-- WHAT YOU SHOULD DO --
Your answer should consist only of the records, copied exactly, with the images removed.

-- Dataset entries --
BEGIN
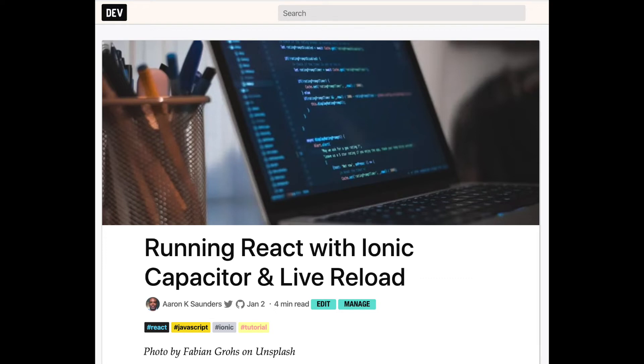Welcome back to another video. We're going to walk you through using React with Ionic and Capacitor and show you how to use Live Reload so you can make changes to your website and see them be automatically deployed to your mobile application.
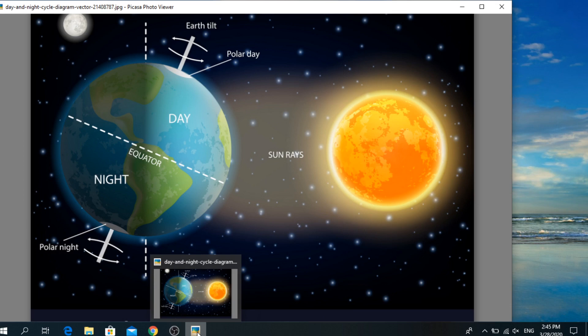Every day the sun rises in the morning, then it appears to move gradually across the sky before setting in the evening.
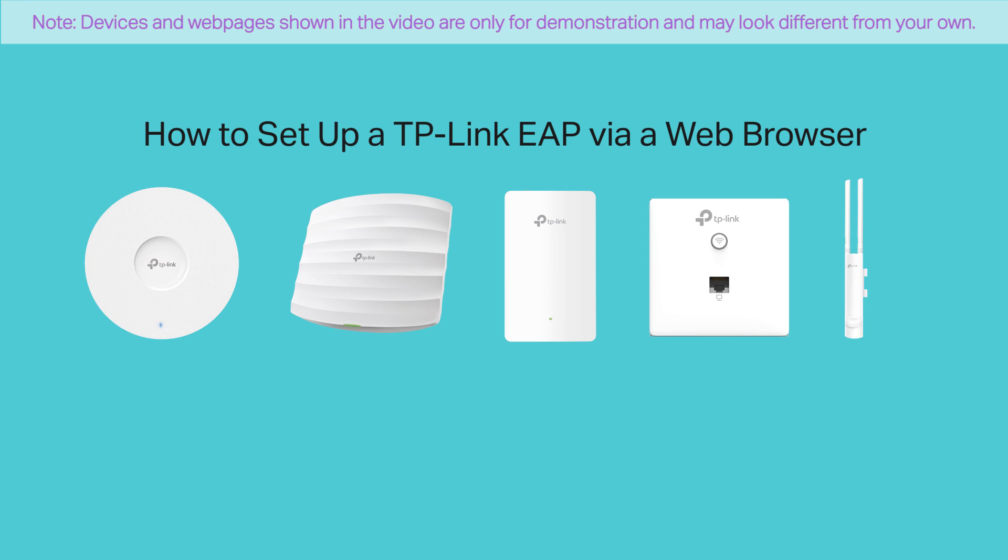Today, we'll introduce how to set up TP-Link EAP via a web browser. The setup consists of three steps.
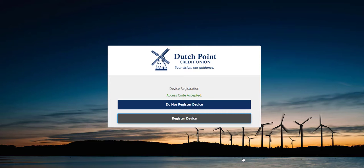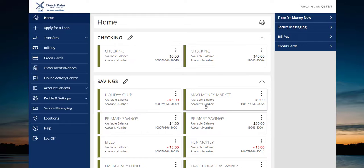Next, you'll be asked if you'd like to register your device. If you are using a home computer or other personal device, you can choose to register your device so you do not have to enter a secure access code every time you log in. If you are using a shared device, we recommend you choose do not register device to keep your security preferences intact. Click the option that best fits you and you are brought to the main home screen.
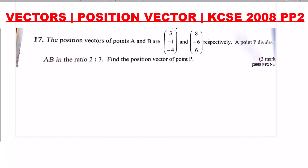Welcome. Here is a question on vectors. The position vectors of points A and B are (3, -1, -4) and (8, -6, 6) respectively. A point P divides AB in the ratio 2:3. Find the position vector of point P.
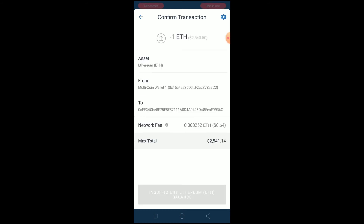That's basically how you can transfer your Ethereum from Trust Wallet to Coinbase — it's that simple. If you found this video helpful, hit that like and subscribe button with notifications on. If you have any questions, drop them in the comments and I'll be happy to answer.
END
-- TASK RESULT --
Welcome back to another video. We're going to walk you through using React with Ionic and Capacitor and show you how to use Live Reload so you can make changes to your website and see them be automatically deployed to your mobile application.
Every day the sun rises in the morning, then it appears to move gradually across the sky before setting in the evening.
Today, we'll introduce how to set up TP-Link EAP via a web browser. The setup consists of three steps.
Next, you'll be asked if you'd like to register your device. If you are using a home computer or other personal device, you can choose to register your device so you do not have to enter a secure access code every time you log in. If you are using a shared device, we recommend you choose do not register device to keep your security preferences intact. Click the option that best fits you and you are brought to the main home screen.
Welcome. Here is a question on vectors. The position vectors of points A and B are (3, -1, -4) and (8, -6, 6) respectively. A point P divides AB in the ratio 2:3. Find the position vector of point P.
That's basically how you can transfer your Ethereum from Trust Wallet to Coinbase — it's that simple. If you found this video helpful, hit that like and subscribe button with notifications on. If you have any questions, drop them in the comments and I'll be happy to answer.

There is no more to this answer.